The next Sunday was easier. I was getting used to knowing that my brother was gay. I didn't personally have a problem with it, anyway. I always liked gay people. They seem honest, somehow, as if they've done their soul-searching and come out of it more whole than other people. And they were attractive to me for their youthful pursuit of self-discovery. I yearned for gay boyfriends – campy queens with a flair for drama. As far as Silas, who was no campy queen, well, I just needed a little time to focus my lens of knowledge in this new way.
I always worried that Silas would marry someone I didn't like. He was the big brother, and as such, he was larger than life, a hero, and he belonged to us. A boy who'd grown up surrounded by four sisters, teasing and tormenting, and greeting their dates at the door with a scowl. He'd never approved of our choices in men. Once I knew his secret, I could kind of see why.
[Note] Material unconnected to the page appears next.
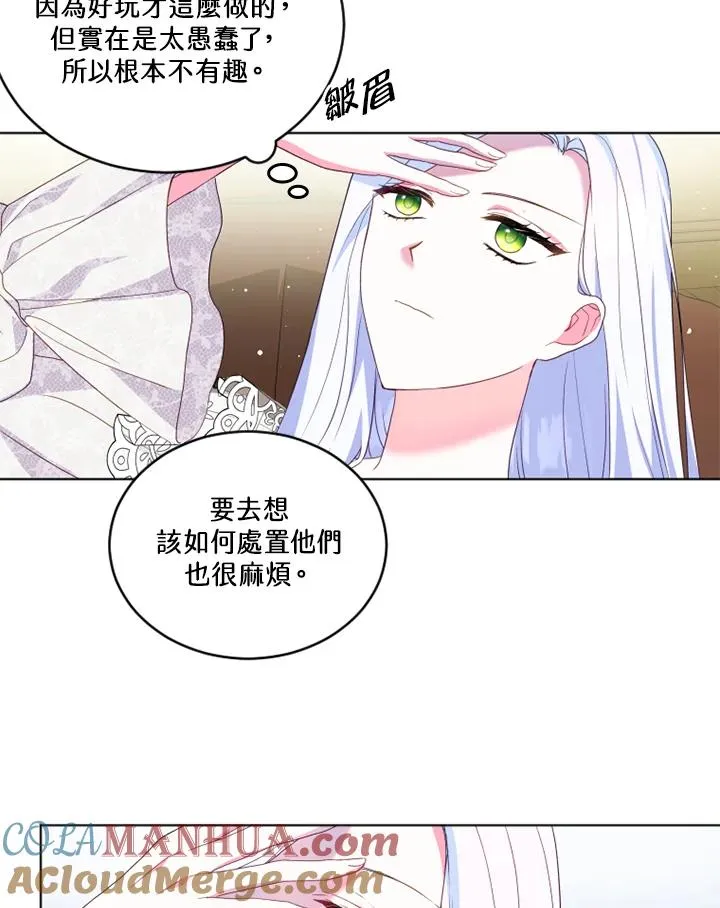 第23话 第10页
I felt a moment of sheer relief that made me giddy. Soon they all would know about Silas. It struck me as too silly that I was sitting in my closet listening to family secrets, while Silas has been in his own closet all this time for no purpose. I imagined, for a moment, the bru-ha-ha his news will create next Sunday. It might be the most exciting Sunday of all time.
And then the horror slammed home. My mother expected to be dead before Sunday. She was setting us up to continue without her – setting us up to have "issues." If Silas came out of the closet, we'd have something to talk about.